The 2010 Hiring Incentives to Restore Employment (HIRE) Act, recently signed into law, includes a whopping $17.6 billion in tax breaks for businesses. The “Hire Now Tax Cut” combines payroll forgiveness for Social Security taxes paid on qualified new hires, along with a tax credit for keeping the new hire on the payroll for at least 52 consecutive weeks. In addition to the hiring tax incentives, the new law also extends a tax break for small businesses buying new equipment, while another section of the bill expands an initiative to help state and local governments finance infrastructure programs just in time for the spring construction season.

In essence, the HIRE Act contains an exemption from Social Security payroll taxes for every worker (hired after Feb. 3, 2010, and before Jan. 1, 2011) who has been unemployed for at least 60 days. However, only wages paid after the March 19 enactment date qualify for the payroll tax exemption.
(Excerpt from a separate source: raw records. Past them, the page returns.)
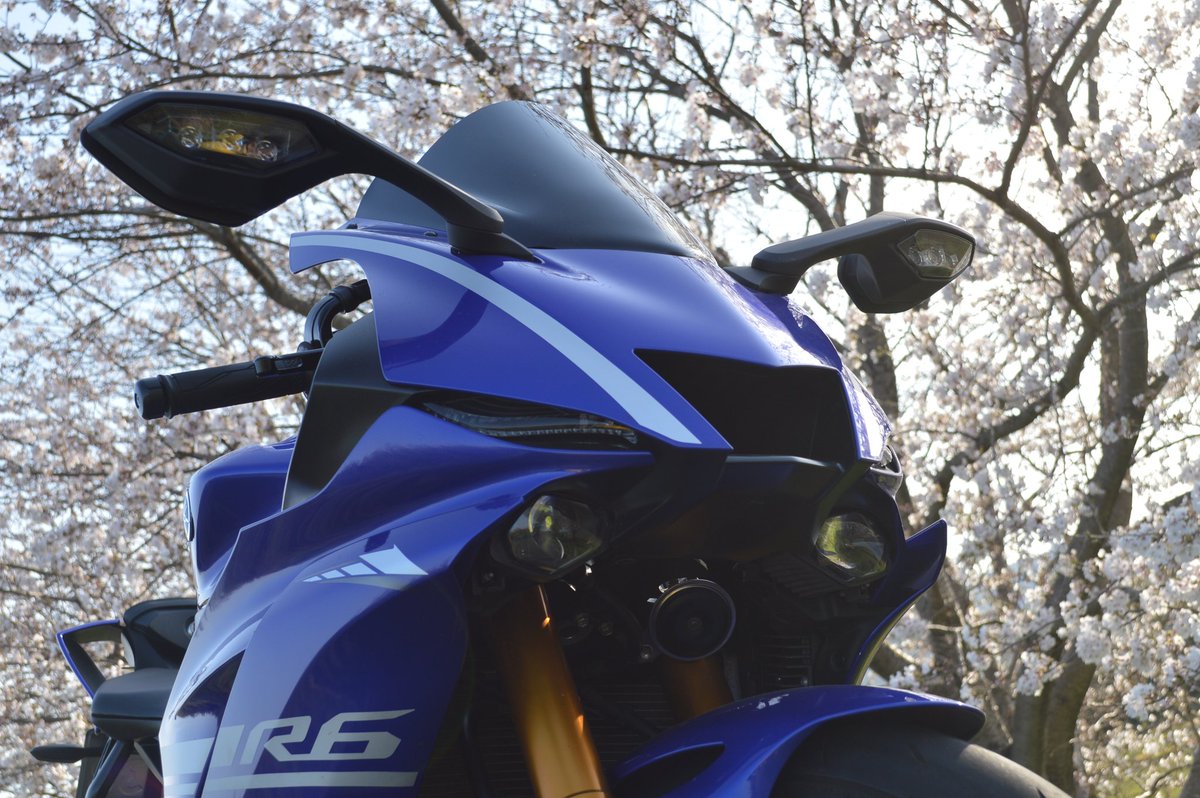 XxzerofactorxX's tweet photo. #バイク乗りとして軽く自己紹介 
 #バイク好きと繋がりたい 
名前:猫丸
性別:男
年齢:27歳 
身長:169cm
住み:静岡
車種:YZF-R6(2017）
好き:時計、車、バイク、猫
一言:みなさんのバイク見せてください！ https://t.co/9HSUrOd3o2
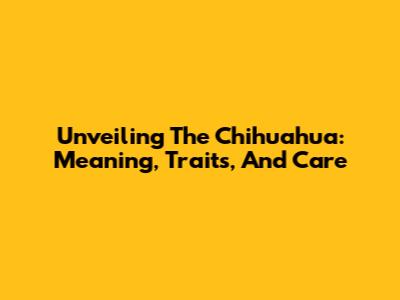 Unveiling The Chihuahua: Meaning, Traits, And Care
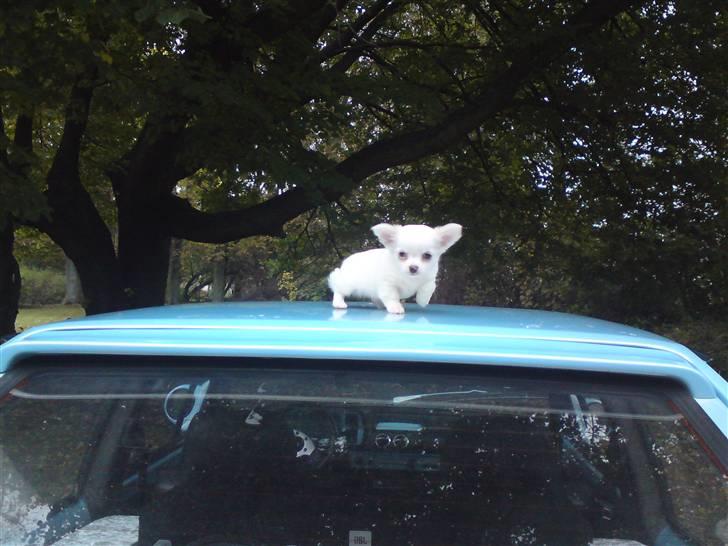 Chihuahua Kenzo billede 18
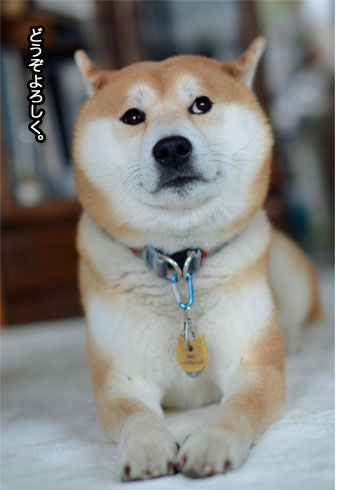 9日ブログ9.jpg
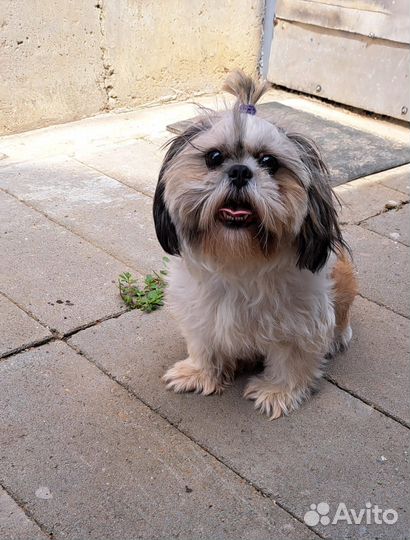 Ши-тцу девочка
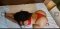 Top escort 😘🥰❤️💯 - Снимка 2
Because the benefits to the employer are tied only to 6.2% of any salary paid, a qualified worker may be hired for any number of hours — full- or part-time. Remember, however, the payroll tax holiday applies only to the 6.2% Social Security portion of the employer's tax. It doesn't apply to the 1.45% Medicare portion of the employer's tax or to any part of the employee's tax.

The IRS is revising Form 941, Employer's Quarterly Federal Tax Return, for the second quarter return due on Aug. 2, 2010. However, the exemption earned for the period from March 19, 2010, to March 31, 2010, may not be claimed on the first quarter Form 941. Instead, it will be claimed on the second quarter Form 941.
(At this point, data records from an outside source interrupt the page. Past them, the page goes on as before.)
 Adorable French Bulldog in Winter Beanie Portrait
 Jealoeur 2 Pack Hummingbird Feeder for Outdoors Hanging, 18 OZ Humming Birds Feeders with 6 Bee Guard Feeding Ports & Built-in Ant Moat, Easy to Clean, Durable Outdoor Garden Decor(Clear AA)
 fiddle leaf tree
There is an additional $1,000 income tax credit for every new employee retained for 52 weeks, to be taken on the employer's 2011 income tax return. The retained worker credit will generally be taken on the employer's 2011 income tax return because of the 52 consecutive-week prerequisite. The new hire must, of course, stay on the job for at least the 52 consecutive-week period to entitle his or her employer to the retained worker business credit.

In another area, the newly passed HIRE Act extends the 2008 and 2009 expensing thresholds so that electrical professionals and businesses can write off up to $250,000 of certain capital expenditures — subject to a phaseout once expenditures exceed $800,000 — in 2010 in lieu of depreciating those costs over time. Qualifying property is defined as depreciable tangible personal property purchased for use in the active conduct of a trade or business, including “off-the-shelf” computer software placed in service in tax years beginning before 2011.

Although limited to small businesses, thanks to the $800,000 ceiling, the so-called “Section 179” expensing is available for both new and used property. Don't forget that Section 179 expensing is keyed to the electrical design, construction, or maintenance operation's tax year, rather than the 2010 calendar.

On the downside, the new law also makes it easier for the federal government to withhold payments from government contractors owing back taxes. Some in the industry predict the tax breaks may generate only 250,000 jobs in 2010 — just a small fraction of the 8.4 million jobs lost since the recession began. Will you and your electrical firm be among those who reap the savings under the HIRE Act?